> **Your objective**
The stretch wanted below opens at the line containing "غرفة قياسية, Boutique Antukenu" and closes at the line containing "Het verkeersburo van". Please return it exactly, with no other lines.

> **Task material**
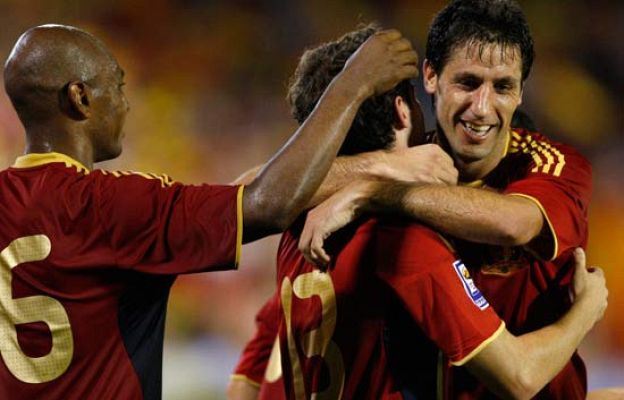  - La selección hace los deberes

==

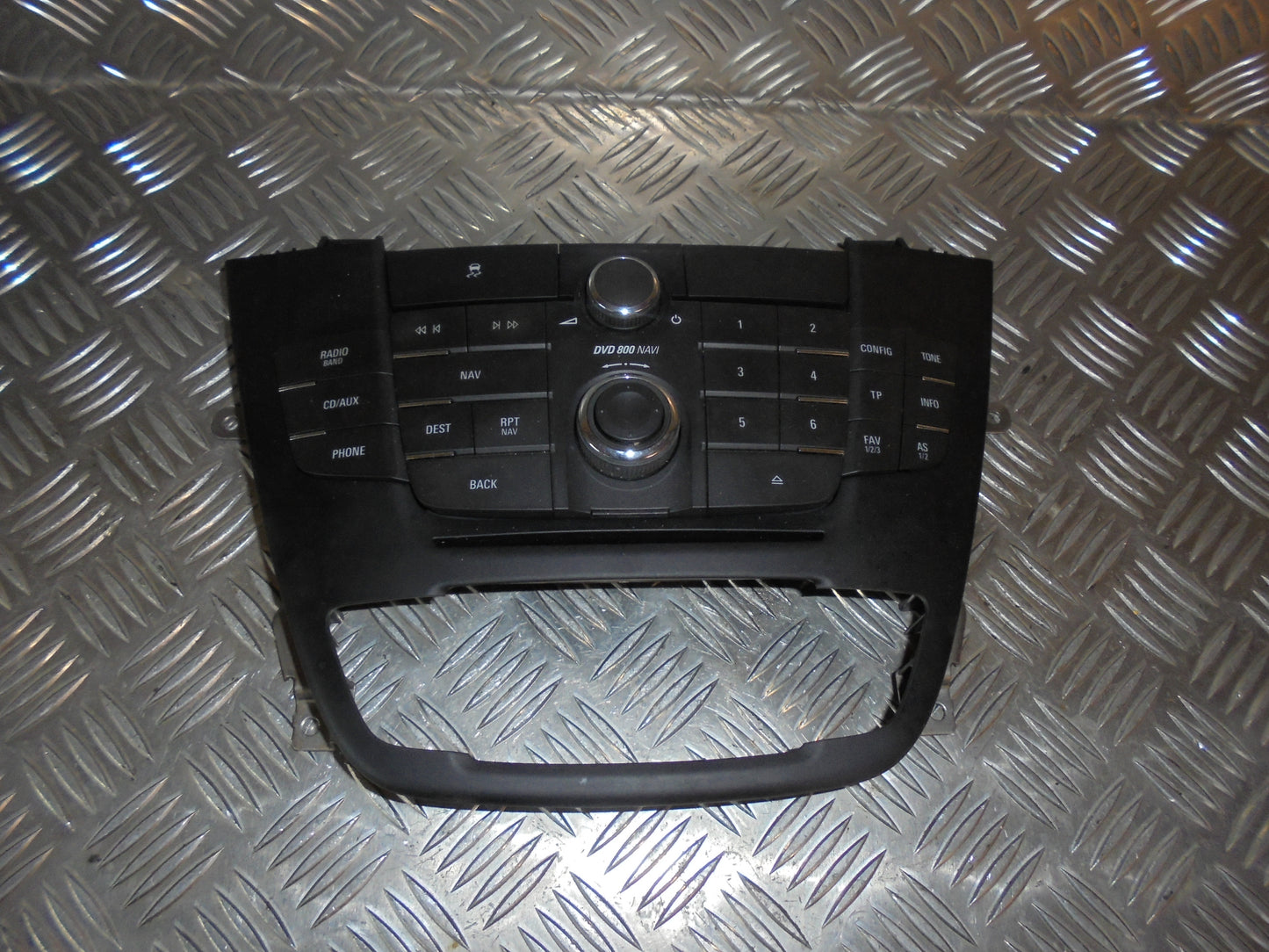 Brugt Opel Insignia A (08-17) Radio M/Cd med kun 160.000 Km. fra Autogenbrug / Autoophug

...

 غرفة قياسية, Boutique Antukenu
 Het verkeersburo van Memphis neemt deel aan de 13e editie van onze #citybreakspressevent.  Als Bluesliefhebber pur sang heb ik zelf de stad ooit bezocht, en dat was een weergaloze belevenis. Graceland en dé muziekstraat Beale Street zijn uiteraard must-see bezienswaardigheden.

> **Answer for this exercise**
 غرفة قياسية, Boutique Antukenu
 Het verkeersburo van Memphis neemt deel aan de 13e editie van onze #citybreakspressevent.  Als Bluesliefhebber pur sang heb ik zelf de stad ooit bezocht, en dat was een weergaloze belevenis. Graceland en dé muziekstraat Beale Street zijn uiteraard must-see bezienswaardigheden.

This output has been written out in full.